Tuesday, September 12, 2006

italia and the dam, part I

I got back from Europe almost two weeks ago, and celebrated my labor holiday by heading straight to work for eight consecutive days. My trip was whirlwind, as they always seem to be. I landed in Rome at 8 am, and caught a train downtown, hit suddenly with the realization that I'd crossed the rainbow. I met up with Shlomo and Elisha, who'd arrived in the north of the country 10 days earlier. They'd just finished what was supposed to be the highlight of my trip, venice and the rained-out alps. We wandered around sweaty Rome, an ancient-modern metropolis comprising the dirtiest and holiest aspects of Jerusalem and Tel Aviv in one. We played drums on the street with some Czech guys we met near the Colosseum, inhaled pizza and beer, and found ourselves on a slow train to Napoli. Somehow I'd already spent 20 euros.

Napoli was a whim. Shlomo wanted to go to Lecce, a beach town in southeast Italy, the Italian Jamaica, he told us, though admitted he had heard conflicting reports. It was a nine hour train ride and we had to be in Pisa for a flight to Amsterdam three days later. We asked around for some place closer and picked Napoli after someone in their Rome hostel told us she had needed at least another couple of days there to fully absorb it.

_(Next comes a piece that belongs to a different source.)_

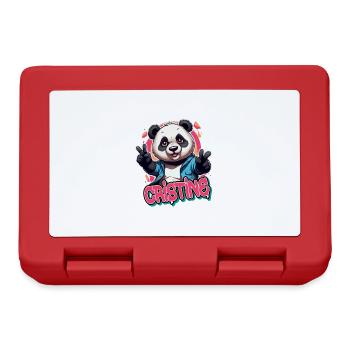 CRISTINE - Magnifique prénom de fille avec un panda cool - Boîte à goûter - rouge - Devant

One thing I thought I learned in that last few years is not to judge a place by its bus or train station. Elisha and I were skeptical. Shlomo walked across the street to find a hotel. I hung back. I didn't want to leave, but I didn't want to stay there. We kept walking toward the beach, on the side of a never-ending urban highway, and through the winding alleys. The streets and buildings of Napoli are incredible architecture, but not equipped for tourists. We walked back to our roadside resort on the highway and sat down. Elisha suggested turning back - the first twinges of a theme. Shlomo was at a different pace - twinges of another. We looked through a book and caught a cab to the one recommended hostel on the outskirts of town.

It was the least expensive place we'd stay in for the rest of the trip. The shekel has nothing on the euro, except unique pictures of Israeli heros. I went up to my room, which was stuffed with bunkbeds and a disporportionately large bathroom. My Venezuelan roommate greeted me, climbing into bed. The other roommate came out of the bathroom with a wave and a toothbrush and said, "I'm deaf."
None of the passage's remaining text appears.